Risk Management Issues Rise 

One of the more blatant legacies of the credit crisis has been the rise of risk management and mitigation that treasurers are responsible for. A glaring example of this is the fact that corporates now actively need to carry out counterparty risk analysis of their banking partners - something completely at odds with the ‘one global bank’ policy that many corporates were actively pursuing when credit was both plentiful and affordable. 

A key area of risk management this year has been foreign exchange (FX) - from currency volatility in Europe and South America to concerns over ‘currency wars’ in Asia, corporate treasurers have had to be increasingly mindful of their FX exposures. As such, it is no surprise to find the article from SunGard’s Ryan Heaslip in the top 10 content list. Entitled Cost-effective Foreign Exchange Risk Management, the article looks at steps corporates can take to ensure they have an efficient FX risk management strategy in place. Some questions Heaslip suggests treasurers start by asking include: 
  • Are you currently able to gather a complete dataset of exposures?
  • Is exposure information provided in a timely, detailed and accurate manner? 
  • Is there an operational focus on reducing exposure? 
  • Are risk factors used to rank exposures? 
  • Is there a strategy that prioritises the types of risk to hedge (e.g. balance sheet, short-term forecast, long-term forecast)? 
  • What type of derivative strategies will be used to hedge, after operational considerations? 
The topic of FX risk management was also high on the agenda at the inaugural Global Corporate Treasurers Forum Europe that gtnews hosted at the Grosvenor House Hotel in London in June. The event is an annual independent forum bringing together European corporate treasurers to meet face-to-face, listen to leading speakers and network with industry peers in a high level and exclusive environment. 

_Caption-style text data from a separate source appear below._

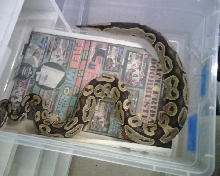 ovulation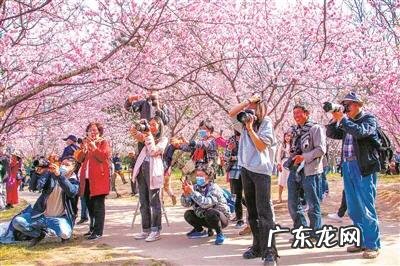 八重寒绯樱 寒绯樱林樱花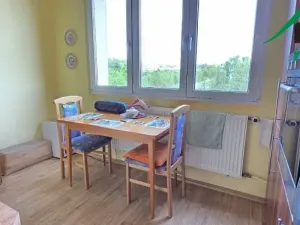 Pronájem bytu 3+1, Tachov, Bělojarská, 82 m2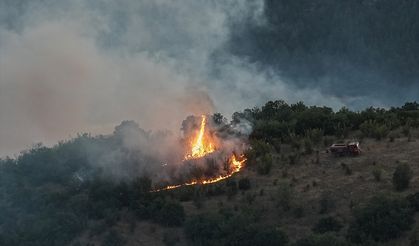 Bursa-Balıkesir sınırında çıkan orman yangınına müdahale ediliyor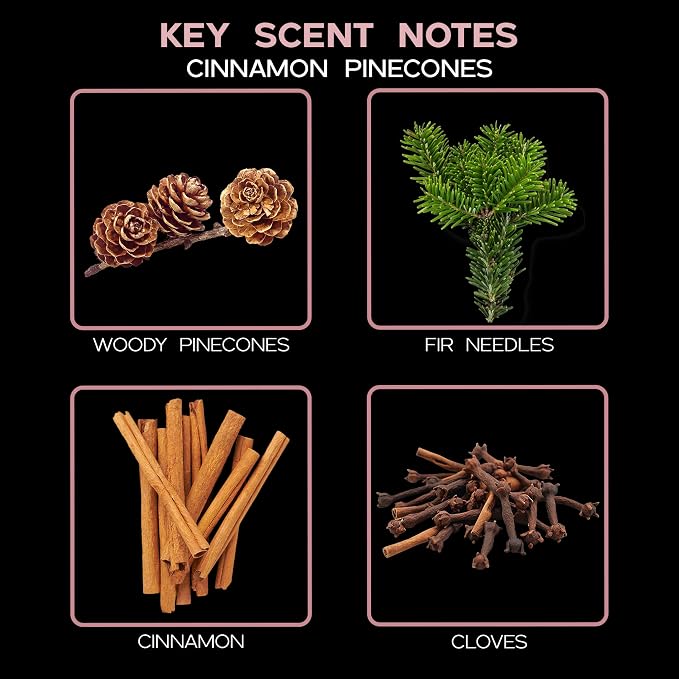 Cinnamon Pine Cones Diffuser Set, Luxury Home Fragrance, Room Scent | Pine cones, woods, and fir needles profile, entryway decor, guest bathroom, living room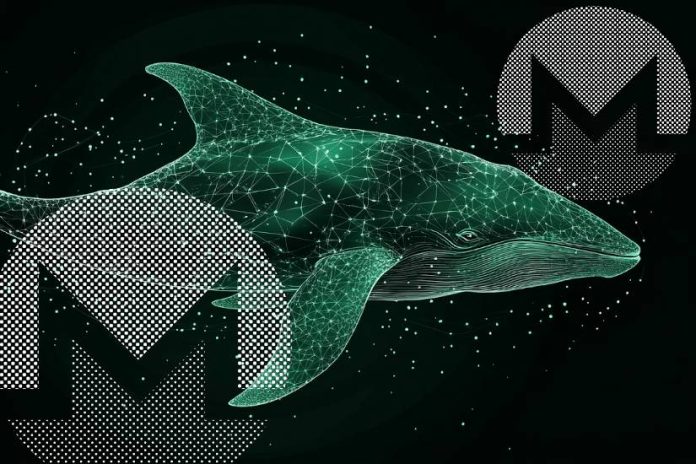 DOGE Not Slowing Down Anytime Quickly! XLM Worth Rises, Drawing Investor Curiosity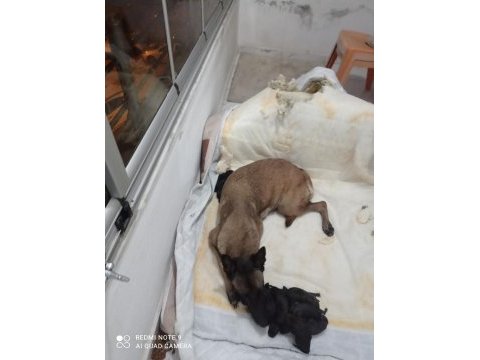 A kalite malinois siyah sevenlere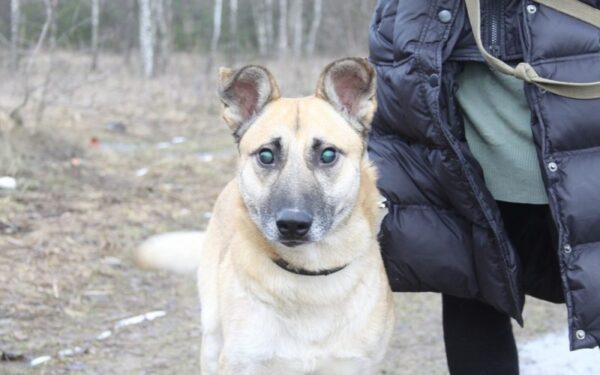 Globotinio pusryčiai: žaliaakis Plutas ieško namų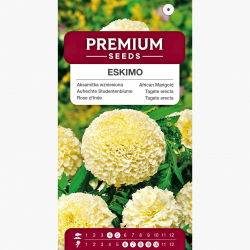 Aksamitka niska - waniliowa - 0,2 gnasion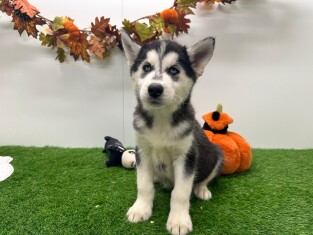 Siberische Husky reu 000970636
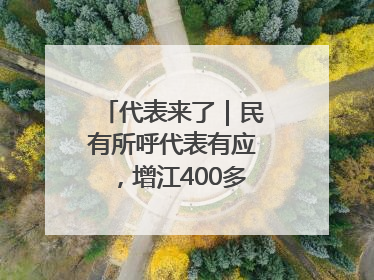 代表来了｜民有所呼代表有应，增江400多年古码头焕新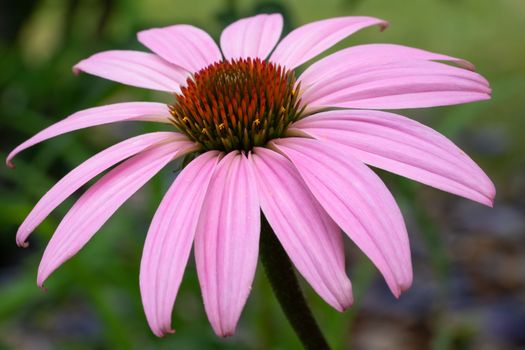 Coneflower (Echinacea purpurea), flowers of summer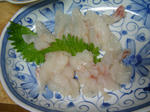DSC02125.JPG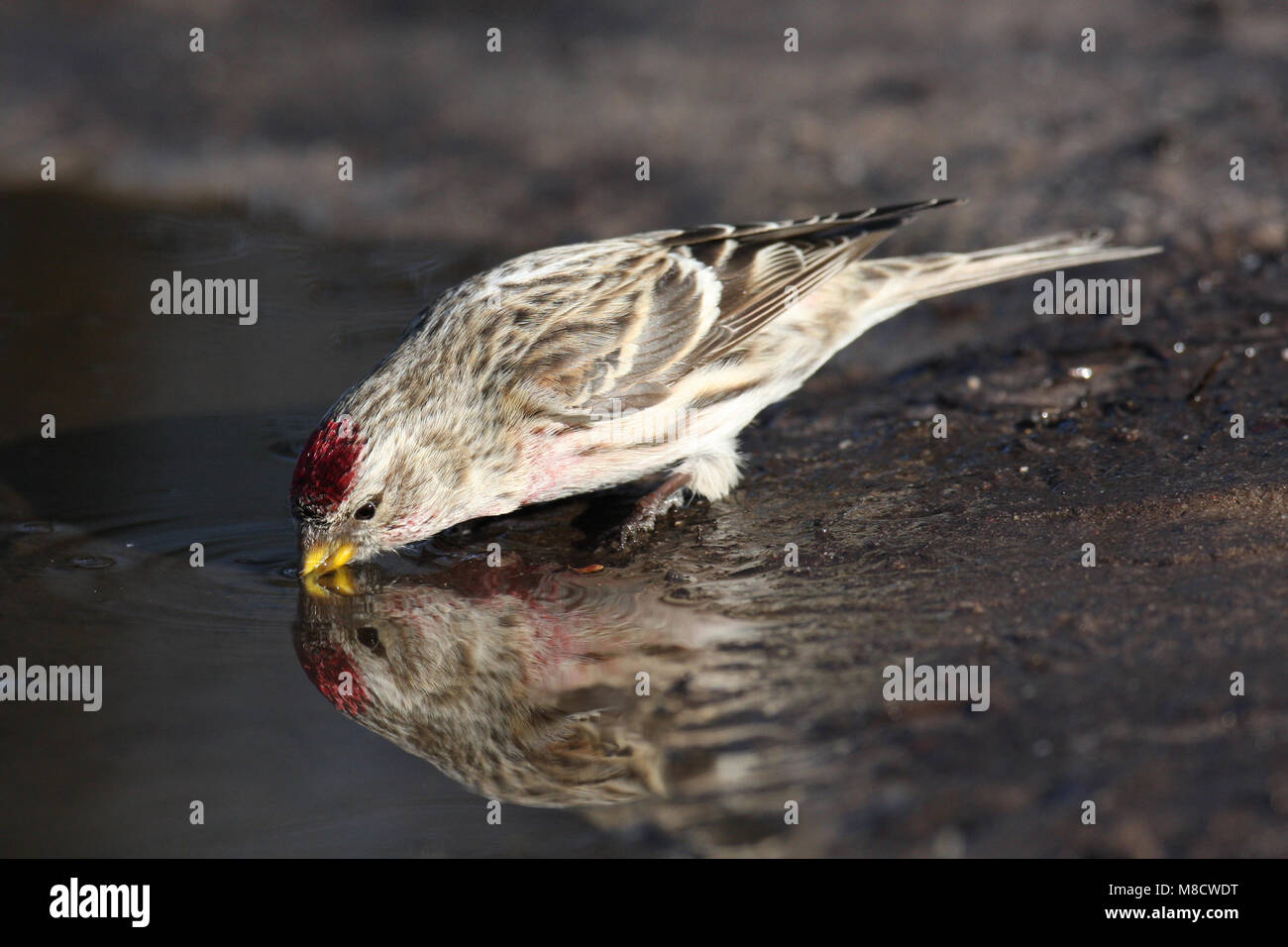 Grote Barmsijs bij drinkplaats; farinoso Redpoll al sito potabile Foto Stock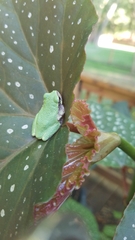 Hyla versicolor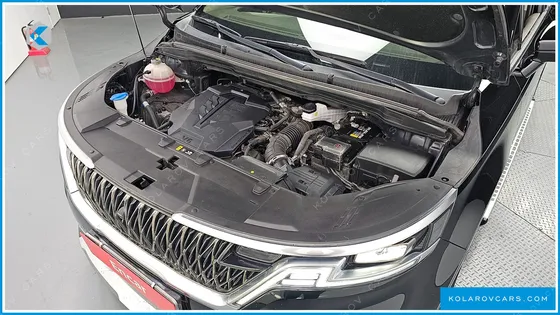 KIA CARNIVAL GASOLINE 9-SEATER HI-LIMOUSINE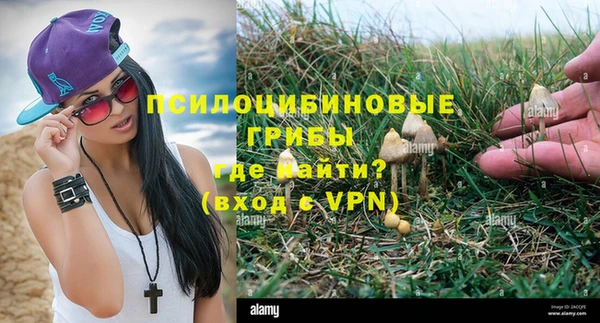 индика Мегион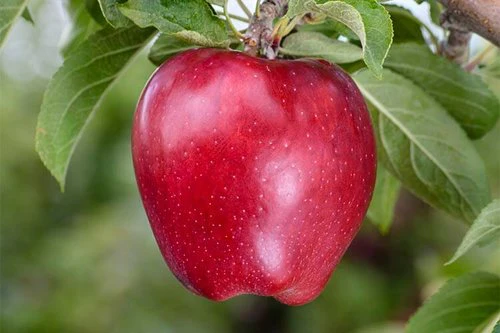 Manzana Scarlet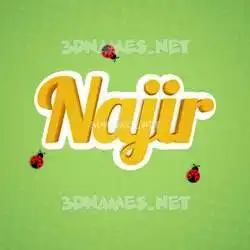 najir in Ladybugs style - 3D name wallpaper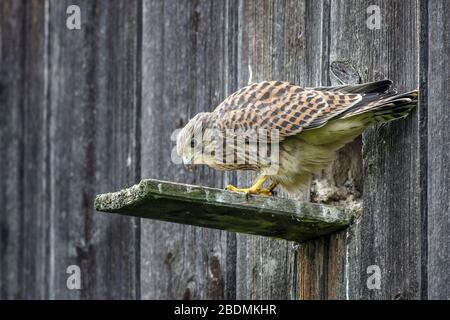 Turmfalke (Falco Tinnunculus) Flügger Jungvogel Stockfoto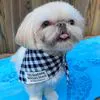 Charlietheshihtzu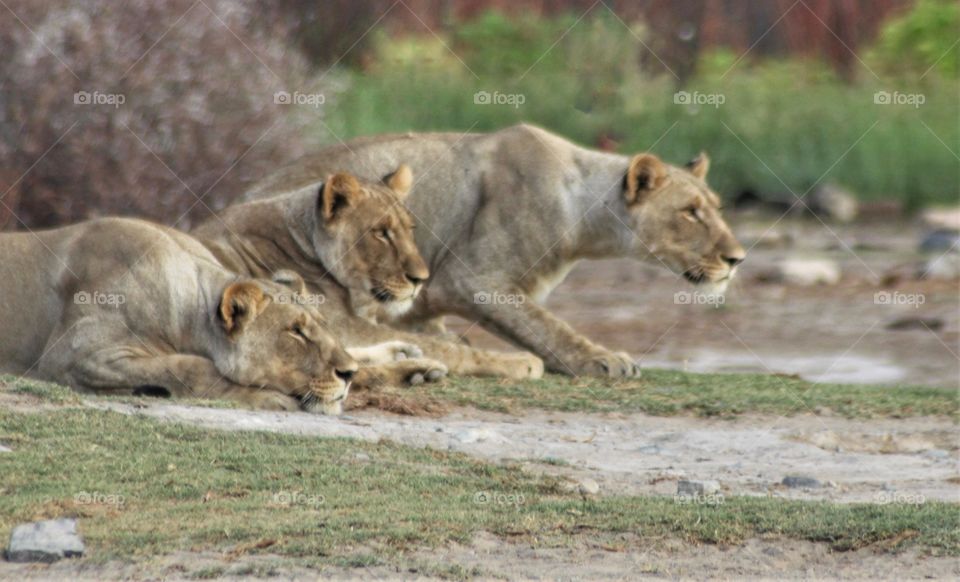 Lionesses sizing up their prey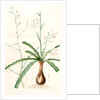 Scilla Pomeridiana, Chlorogalum pomeridianum; Scille de l'après-midi by Pierre Joseph Redouté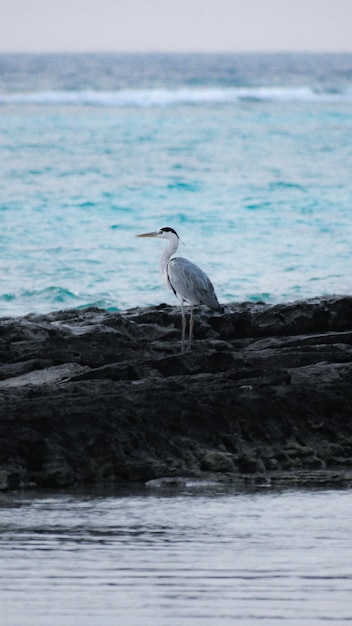 Un uccello dal collo lungo si trova su una spiaggia rocciosa.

Discussion at one session of the forum turned specifically to the transaction risk element of FX risk - where the risk of value changes depending on where the transaction is. Some transaction exposure is not shown in the profit and loss (P&L) because it has not yet been recognised, or the contract is anticipated rather than committed to. A couple of the questions raised at the forum referred to a) whether transaction exposure should be hedged; and b) if it was hedged, whose responsibility within the organisational structure was this? 

One group treasurer explained that their company had decided not to hedge its transaction exposure as they would have had to involve all of its investors, which would have added complexity. It has an impact on reporting - the company would have had to have shown like-forlike figures, and they wanted to protect this information. The factors involved in weighing up whether or not to hedge this risk requires a full evaluation by corporates. 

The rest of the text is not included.